Task goal: Below, find the line containing "This process is"; from there to the final line, print every line exactly and skip the pictures.

Given material:
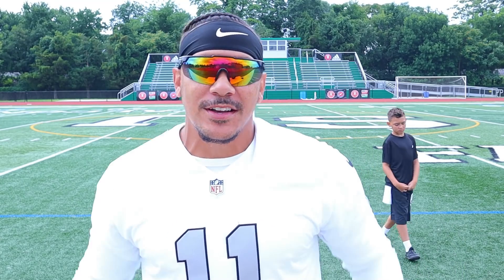What's up with it Raider Nation, it's your boy Raider Honcho, and I'm back on the field with you.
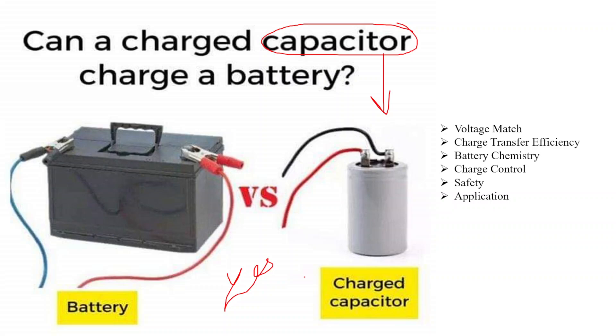This process is often used in various electronic circuit systems, especially in situations where a rapid burst of energy is required. However, there are some important factors to consider. The first one is voltage match: the voltage of the charged capacitor should be approximately equal to or slightly higher than the voltage of the battery. Connecting a capacitor with significantly higher voltage to a battery could potentially damage the battery.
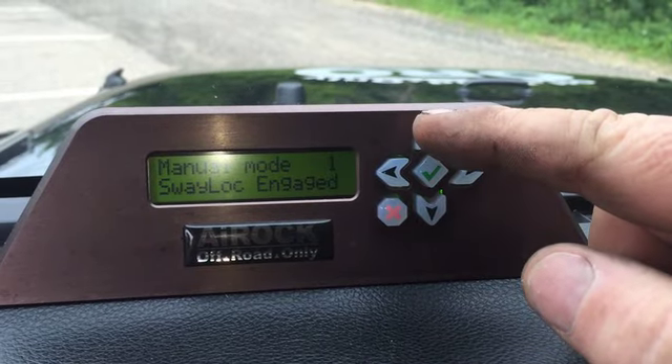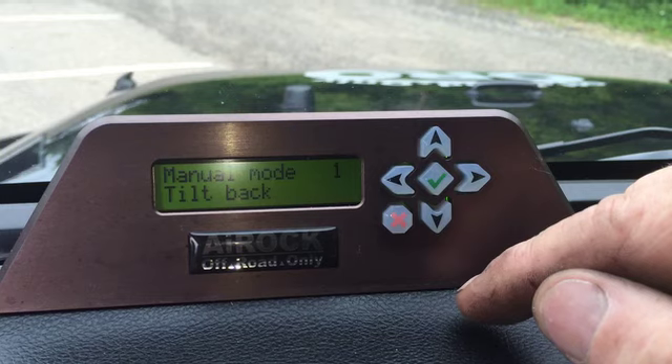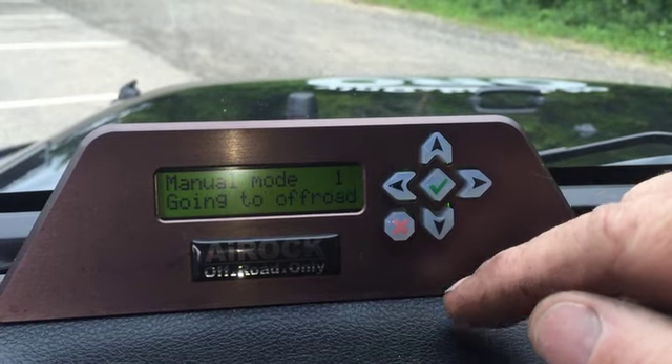In manual mode 1, the up arrow tilts forward, the down arrow tilts backward, and the checkmark goes to ride height.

Task answer:
This process is often used in various electronic circuit systems, especially in situations where a rapid burst of energy is required. However, there are some important factors to consider. The first one is voltage match: the voltage of the charged capacitor should be approximately equal to or slightly higher than the voltage of the battery. Connecting a capacitor with significantly higher voltage to a battery could potentially damage the battery.
In manual mode 1, the up arrow tilts forward, the down arrow tilts backward, and the checkmark goes to ride height.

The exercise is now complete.